Start of Block
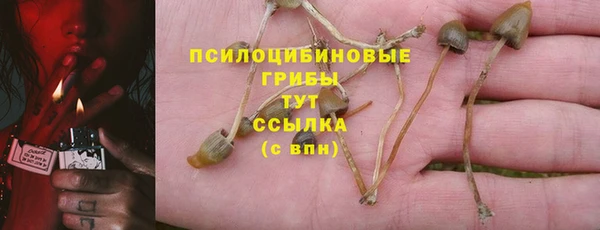 прущие крисы Вяземский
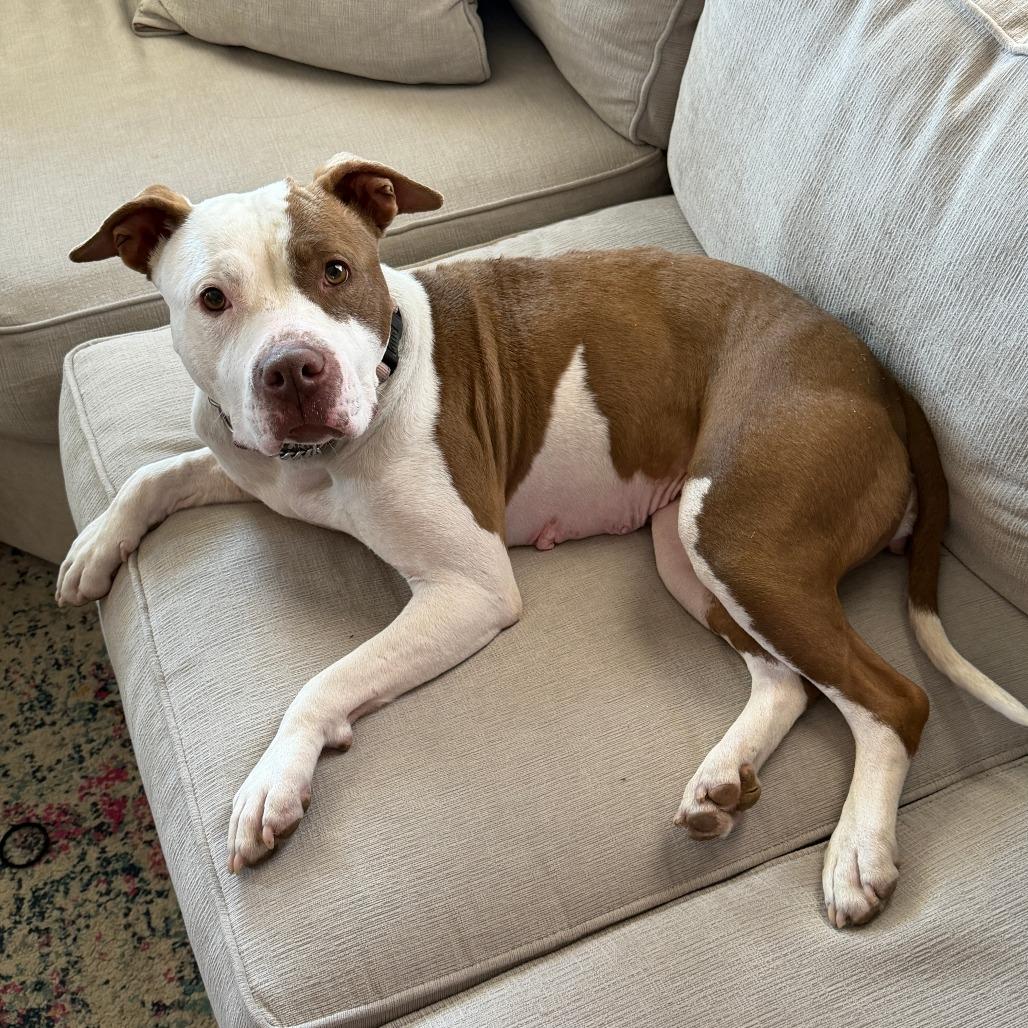 Enlarge East (Sponsored), a Adoptable Pit Bull Terrier in East Saint Louis, IL image 6/6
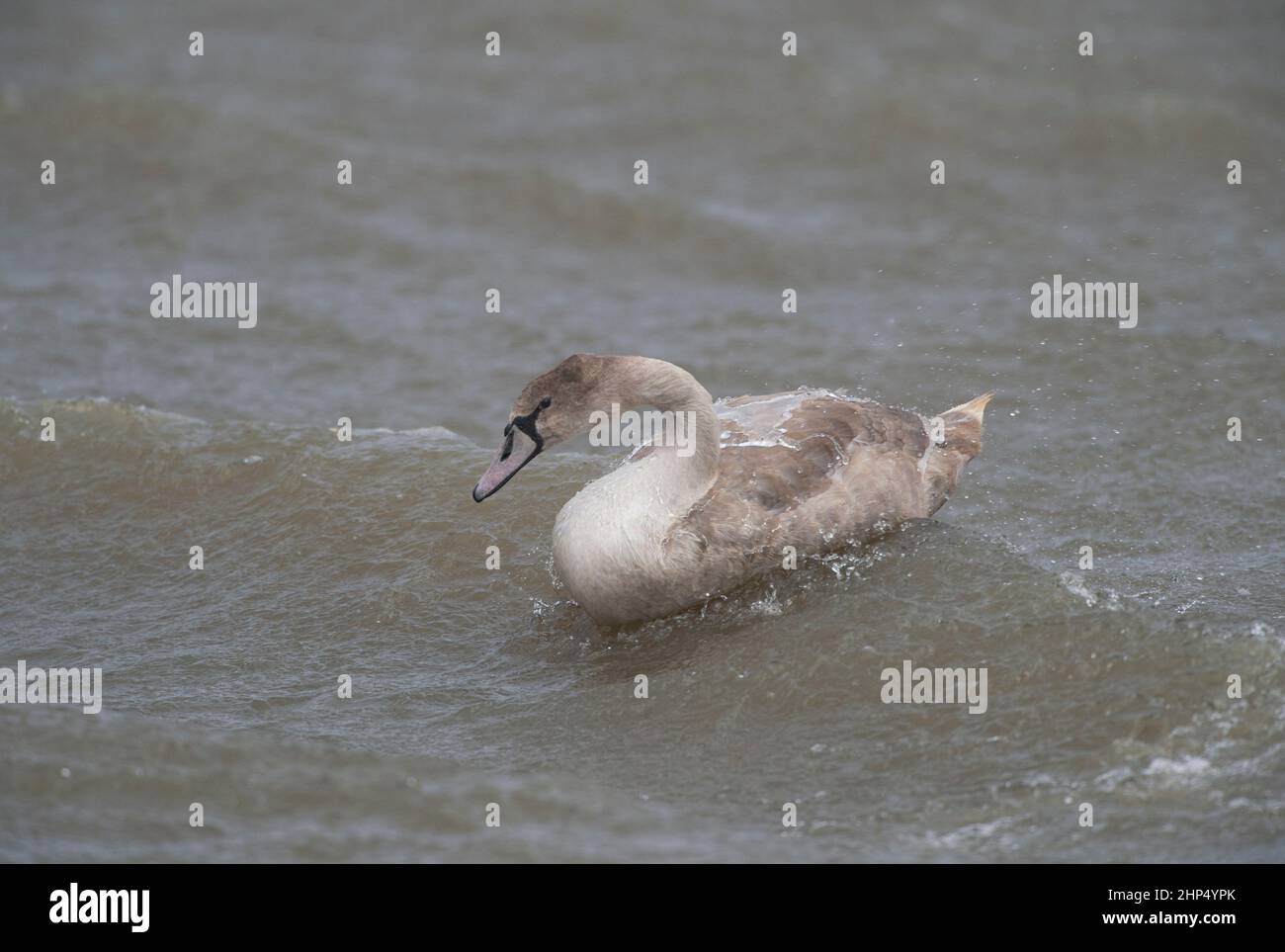 Mute Swan cygnet, Cygnus olor, luchando contra el viento durante la tormenta Eunice, Brent Reservoir, Londres, Reino Unido Foto de stock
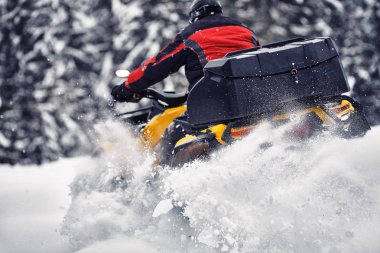 Quad Bisiklet ormandaki yürüyüşte kış.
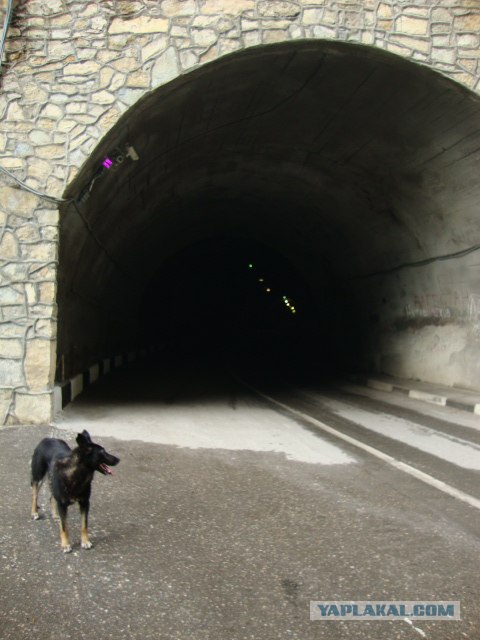 Кавказ-2012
End of Block
What is being asked: Retyped exactly, the lines from the one holding "Quad Bisiklet ormandaki yürüyüşte kış." through the last line of the data above are the whole answer. Pictures stay out.

Response to the exercise:
 Quad Bisiklet ormandaki yürüyüşte kış.
 Кавказ-2012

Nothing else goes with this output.